- **DATA FOR PROCESSING**:
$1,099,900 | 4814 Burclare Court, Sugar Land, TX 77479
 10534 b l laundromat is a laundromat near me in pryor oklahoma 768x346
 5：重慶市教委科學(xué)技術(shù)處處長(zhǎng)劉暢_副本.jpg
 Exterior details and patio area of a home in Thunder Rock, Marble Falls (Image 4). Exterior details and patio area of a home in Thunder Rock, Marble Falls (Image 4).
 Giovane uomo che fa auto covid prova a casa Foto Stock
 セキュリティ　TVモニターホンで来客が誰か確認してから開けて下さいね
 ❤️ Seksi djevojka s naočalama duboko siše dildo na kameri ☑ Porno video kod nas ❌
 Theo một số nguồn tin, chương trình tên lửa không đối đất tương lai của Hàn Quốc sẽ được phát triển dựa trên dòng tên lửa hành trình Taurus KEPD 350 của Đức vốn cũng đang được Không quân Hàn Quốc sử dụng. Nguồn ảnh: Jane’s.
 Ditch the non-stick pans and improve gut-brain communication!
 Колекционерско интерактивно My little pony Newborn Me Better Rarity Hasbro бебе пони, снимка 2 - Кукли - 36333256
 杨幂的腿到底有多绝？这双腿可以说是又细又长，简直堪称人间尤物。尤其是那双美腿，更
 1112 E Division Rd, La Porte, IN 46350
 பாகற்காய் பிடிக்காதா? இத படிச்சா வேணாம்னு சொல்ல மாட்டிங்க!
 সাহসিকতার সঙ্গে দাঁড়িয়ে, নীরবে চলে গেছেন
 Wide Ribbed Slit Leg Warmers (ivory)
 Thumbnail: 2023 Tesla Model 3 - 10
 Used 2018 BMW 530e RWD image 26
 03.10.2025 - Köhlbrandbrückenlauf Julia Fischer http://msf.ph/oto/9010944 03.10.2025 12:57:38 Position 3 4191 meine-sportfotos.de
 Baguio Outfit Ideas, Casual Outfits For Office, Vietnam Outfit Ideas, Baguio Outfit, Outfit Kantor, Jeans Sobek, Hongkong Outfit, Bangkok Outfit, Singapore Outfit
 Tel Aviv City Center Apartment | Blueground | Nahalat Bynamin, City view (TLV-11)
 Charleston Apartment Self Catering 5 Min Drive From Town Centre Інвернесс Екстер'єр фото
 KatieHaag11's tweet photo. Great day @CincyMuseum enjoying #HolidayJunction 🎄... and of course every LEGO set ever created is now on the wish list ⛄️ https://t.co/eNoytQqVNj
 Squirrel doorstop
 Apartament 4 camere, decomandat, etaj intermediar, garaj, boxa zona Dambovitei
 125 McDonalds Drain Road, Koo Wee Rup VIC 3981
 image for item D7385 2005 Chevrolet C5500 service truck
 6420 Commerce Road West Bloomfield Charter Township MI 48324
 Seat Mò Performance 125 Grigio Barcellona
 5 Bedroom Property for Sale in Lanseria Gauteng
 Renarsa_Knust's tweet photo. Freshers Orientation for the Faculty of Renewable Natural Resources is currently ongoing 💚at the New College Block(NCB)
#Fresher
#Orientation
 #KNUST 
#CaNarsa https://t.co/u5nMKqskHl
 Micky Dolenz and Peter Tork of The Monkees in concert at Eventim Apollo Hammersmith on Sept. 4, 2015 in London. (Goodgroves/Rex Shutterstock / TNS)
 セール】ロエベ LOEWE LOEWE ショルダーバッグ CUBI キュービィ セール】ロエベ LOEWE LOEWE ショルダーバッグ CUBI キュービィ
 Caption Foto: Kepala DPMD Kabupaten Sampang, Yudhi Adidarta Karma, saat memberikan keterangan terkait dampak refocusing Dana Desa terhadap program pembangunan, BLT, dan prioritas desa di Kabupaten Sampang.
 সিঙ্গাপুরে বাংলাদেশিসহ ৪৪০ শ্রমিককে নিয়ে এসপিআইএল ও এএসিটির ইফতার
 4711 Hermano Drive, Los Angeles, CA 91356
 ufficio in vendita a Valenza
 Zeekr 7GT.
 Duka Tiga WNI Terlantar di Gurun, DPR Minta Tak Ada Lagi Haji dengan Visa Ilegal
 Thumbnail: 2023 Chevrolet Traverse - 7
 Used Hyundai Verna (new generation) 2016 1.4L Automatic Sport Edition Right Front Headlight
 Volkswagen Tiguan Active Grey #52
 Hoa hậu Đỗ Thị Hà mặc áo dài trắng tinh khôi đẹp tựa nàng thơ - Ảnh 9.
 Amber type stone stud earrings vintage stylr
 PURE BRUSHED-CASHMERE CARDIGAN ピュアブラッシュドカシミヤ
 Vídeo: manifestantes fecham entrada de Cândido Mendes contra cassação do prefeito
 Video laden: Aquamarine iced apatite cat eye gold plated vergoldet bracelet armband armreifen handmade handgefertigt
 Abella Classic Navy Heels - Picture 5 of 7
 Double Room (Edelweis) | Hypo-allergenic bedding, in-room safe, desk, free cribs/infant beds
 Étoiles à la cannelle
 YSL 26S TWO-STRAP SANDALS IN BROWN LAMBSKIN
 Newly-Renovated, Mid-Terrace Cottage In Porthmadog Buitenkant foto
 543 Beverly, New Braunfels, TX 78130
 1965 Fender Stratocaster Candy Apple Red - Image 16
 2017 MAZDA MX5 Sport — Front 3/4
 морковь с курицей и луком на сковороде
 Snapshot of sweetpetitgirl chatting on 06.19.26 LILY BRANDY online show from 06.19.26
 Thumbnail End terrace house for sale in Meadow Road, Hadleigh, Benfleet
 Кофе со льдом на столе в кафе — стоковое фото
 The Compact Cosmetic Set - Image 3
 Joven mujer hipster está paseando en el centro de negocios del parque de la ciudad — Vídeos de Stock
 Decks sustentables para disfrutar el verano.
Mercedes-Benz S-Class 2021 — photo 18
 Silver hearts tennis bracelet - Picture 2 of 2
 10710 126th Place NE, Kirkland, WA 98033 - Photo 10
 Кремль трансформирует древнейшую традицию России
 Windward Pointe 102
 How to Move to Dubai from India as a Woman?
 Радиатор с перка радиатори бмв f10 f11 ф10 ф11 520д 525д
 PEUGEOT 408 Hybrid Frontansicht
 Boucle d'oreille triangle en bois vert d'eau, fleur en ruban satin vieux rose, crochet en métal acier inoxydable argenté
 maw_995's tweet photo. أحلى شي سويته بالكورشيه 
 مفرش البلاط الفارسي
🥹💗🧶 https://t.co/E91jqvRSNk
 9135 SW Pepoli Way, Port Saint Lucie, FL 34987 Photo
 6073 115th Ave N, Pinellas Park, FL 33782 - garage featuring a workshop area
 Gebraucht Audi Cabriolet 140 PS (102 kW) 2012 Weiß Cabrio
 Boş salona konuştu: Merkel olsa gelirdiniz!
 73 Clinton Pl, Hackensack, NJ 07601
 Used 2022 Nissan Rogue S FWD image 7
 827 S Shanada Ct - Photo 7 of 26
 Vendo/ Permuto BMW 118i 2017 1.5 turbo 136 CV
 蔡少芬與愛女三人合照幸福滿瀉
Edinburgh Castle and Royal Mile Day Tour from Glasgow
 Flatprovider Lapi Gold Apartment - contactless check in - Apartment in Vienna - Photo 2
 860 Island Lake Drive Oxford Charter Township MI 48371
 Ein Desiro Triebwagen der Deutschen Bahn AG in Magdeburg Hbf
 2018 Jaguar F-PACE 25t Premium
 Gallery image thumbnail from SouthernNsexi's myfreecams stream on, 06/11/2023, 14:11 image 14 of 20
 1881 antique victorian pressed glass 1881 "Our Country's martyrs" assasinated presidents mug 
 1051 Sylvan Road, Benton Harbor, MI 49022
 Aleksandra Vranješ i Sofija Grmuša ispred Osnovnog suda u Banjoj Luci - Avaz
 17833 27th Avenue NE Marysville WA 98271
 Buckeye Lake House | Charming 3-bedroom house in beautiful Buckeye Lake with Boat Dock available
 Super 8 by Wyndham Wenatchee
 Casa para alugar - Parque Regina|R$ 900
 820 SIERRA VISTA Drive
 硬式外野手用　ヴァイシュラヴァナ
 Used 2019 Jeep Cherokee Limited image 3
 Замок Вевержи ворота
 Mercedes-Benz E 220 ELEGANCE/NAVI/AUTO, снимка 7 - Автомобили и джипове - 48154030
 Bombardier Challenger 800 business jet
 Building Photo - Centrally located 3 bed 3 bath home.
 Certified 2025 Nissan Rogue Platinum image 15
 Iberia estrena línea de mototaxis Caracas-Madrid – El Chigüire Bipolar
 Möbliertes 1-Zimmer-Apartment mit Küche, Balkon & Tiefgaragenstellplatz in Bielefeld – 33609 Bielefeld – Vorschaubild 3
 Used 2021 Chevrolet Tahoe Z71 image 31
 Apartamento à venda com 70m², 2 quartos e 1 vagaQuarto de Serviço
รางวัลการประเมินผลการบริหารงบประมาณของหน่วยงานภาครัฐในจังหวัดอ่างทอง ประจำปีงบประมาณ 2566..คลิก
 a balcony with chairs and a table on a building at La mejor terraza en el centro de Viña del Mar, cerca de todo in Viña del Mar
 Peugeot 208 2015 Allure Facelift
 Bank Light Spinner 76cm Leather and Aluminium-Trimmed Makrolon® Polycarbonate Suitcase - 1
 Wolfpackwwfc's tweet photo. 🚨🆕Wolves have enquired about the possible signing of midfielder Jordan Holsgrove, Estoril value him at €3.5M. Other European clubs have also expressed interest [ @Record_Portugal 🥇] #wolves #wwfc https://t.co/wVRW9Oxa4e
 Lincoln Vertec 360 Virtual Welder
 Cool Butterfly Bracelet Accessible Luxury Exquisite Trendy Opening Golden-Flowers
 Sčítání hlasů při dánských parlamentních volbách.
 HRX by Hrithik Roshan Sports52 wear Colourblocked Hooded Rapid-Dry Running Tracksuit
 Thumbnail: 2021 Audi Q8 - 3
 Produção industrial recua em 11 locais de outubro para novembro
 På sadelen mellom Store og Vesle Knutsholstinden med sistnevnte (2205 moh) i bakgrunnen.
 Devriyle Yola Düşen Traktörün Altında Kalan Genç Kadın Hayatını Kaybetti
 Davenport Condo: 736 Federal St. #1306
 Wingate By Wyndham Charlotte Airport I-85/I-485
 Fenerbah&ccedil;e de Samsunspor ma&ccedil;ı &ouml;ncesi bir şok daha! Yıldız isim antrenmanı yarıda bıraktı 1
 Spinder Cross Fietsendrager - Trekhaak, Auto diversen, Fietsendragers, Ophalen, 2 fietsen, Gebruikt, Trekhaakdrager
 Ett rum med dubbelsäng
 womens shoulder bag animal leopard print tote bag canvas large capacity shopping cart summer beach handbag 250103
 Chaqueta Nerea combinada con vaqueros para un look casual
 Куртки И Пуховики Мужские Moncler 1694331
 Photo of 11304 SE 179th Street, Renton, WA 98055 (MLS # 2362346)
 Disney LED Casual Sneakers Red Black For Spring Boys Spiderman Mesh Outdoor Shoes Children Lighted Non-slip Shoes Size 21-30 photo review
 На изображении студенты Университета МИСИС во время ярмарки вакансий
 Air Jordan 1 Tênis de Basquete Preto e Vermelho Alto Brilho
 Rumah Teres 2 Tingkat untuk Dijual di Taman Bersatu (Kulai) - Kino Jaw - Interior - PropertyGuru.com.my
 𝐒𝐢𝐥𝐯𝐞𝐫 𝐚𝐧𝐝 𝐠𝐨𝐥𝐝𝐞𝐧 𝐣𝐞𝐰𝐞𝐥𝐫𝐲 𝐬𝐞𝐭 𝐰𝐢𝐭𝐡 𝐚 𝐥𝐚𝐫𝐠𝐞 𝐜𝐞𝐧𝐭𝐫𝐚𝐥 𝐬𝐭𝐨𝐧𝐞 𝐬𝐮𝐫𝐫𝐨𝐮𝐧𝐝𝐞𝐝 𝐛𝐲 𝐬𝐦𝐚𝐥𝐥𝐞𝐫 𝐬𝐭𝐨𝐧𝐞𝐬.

- **EXERCISE GOAL**:
Scan the entries for lines holding the string "with", then copy every one of them.

- **YOUR SOLUTION**:
 Buckeye Lake House | Charming 3-bedroom house in beautiful Buckeye Lake with Boat Dock available
 a balcony with chairs and a table on a building at La mejor terraza en el centro de Viña del Mar, cerca de todo in Viña del Mar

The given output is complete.